Recent Threats Toward Jewish People & Synagogues Prompts Unity on 84th Anniversary of Kristallnacht


Recent acts of antisemitism, including a threat against NJ synagogues, prompts Morris County Board of Commissioners call for unity and lambast anti-Jewish attacks on 84th anniversary of the “Night of Broken Glass.”

Recent acts of antisemitism, including a threat against New Jersey synagogues, prompted the Morris County Board of County Commissioners to call for unity and lambast anti-Jewish attacks last night, on the 84th anniversary of Kristallnacht.

Kristallnacht, also known as the “Night of Broken Glass,”
marks the night of Nov. 9 and early Nov. 10, 1938, when mobs of Germans and Austrians attacked, looted, and burned Jewish shops and homes, destroyed 267 synagogues, killed more than 90 Jewish people and drove another 30,000 into jails and prisons.

Germans pass by the broken shop window of a Jewish-owned business that was destroyed during Kristallnacht. ——US Holocaust Memorial Museum, courtesy of National Archives and Records Administration, College Park

The Commissioners said they were moved, in part, because of social media threats made last week against Jews in New Jersey that prompted the FBI to issue a rare warning and led law enforcement to increase security around synagogues and Jewish organizations to close activities.

Coincidentally, the U.S. Attorney for New Jersey announced today it has charged 18-year-old Omar Alkattoul, of Sayreville with making the threats.

What needs to be said is, antisemitism is again growing in our society and in the world -- and it’s not just about lone kooks. Last week’s threat followed the widely reported antisemitic slurs openly uttered and posted to social media by some celebrities in this nation. We are seeing a great deal of antisemitism coming from people who are successful in life, supposedly educated, and in positions of prominence,” said Commissioner Director Tayfun Selen.

The remarks came as the board was preparing to host its annual Veterans Day Observance by honoring local veterans with their Morris County Distinguished Service Medals.

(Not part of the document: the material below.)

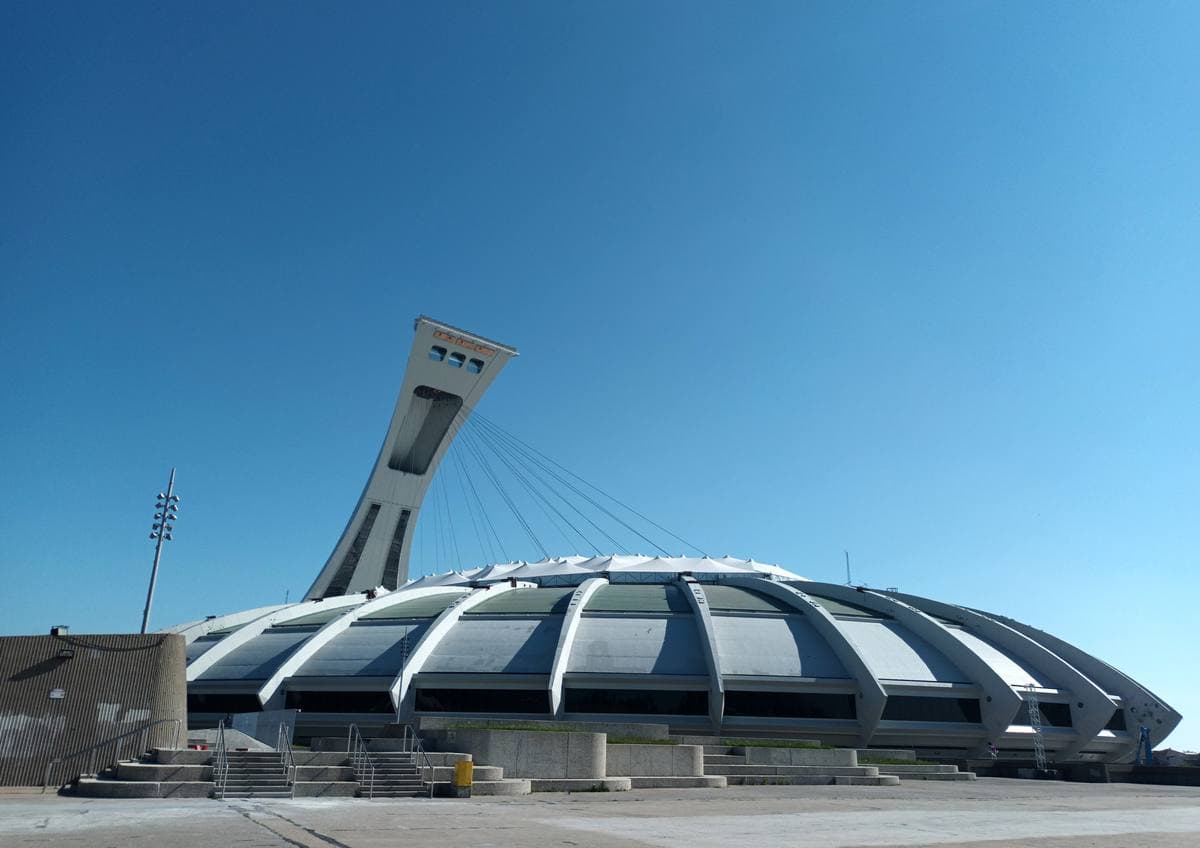 A huge oval concrete stadium with a tall leaning tower over it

Veterans served, as I served, for the highest ideals, for the freedoms we enjoy, speech, religion, assembly, and so much more. Those who perpetuate hate based on ANY religion, or ANY ethnic background, do not honor the service of our veterans or those who made the ultimate sacrifice,” said Deputy Director John Krickus, retired USMC.

Commissioner Deborah Smith, who is Jewish, said the growing wave of antisemitism has been fomenting for many years, undeterred by “polite society.”

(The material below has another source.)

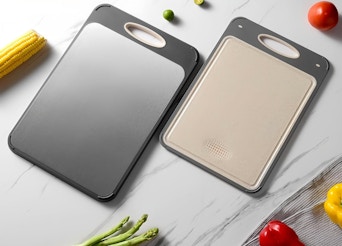 two cutting boards on a table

While this scourge has long clouded our society, this latest resurgence has been building for over a decade, and Director Selen touched on something very important: This rise in antisemitism is NOT just coming from lone kooks and neo-Nazis. It is being embraced by many elites in our society, and it has permeated our suburban enclaves, even here in Morris County,” Smith said.

More than 350 Morris County residents participated in a "Community Rally Against Hate'' in January 2020 with the Commissioners and many other county and state officials, as well as religious leaders, following several violent attacks on Jews and synagogues around the nation in 2019.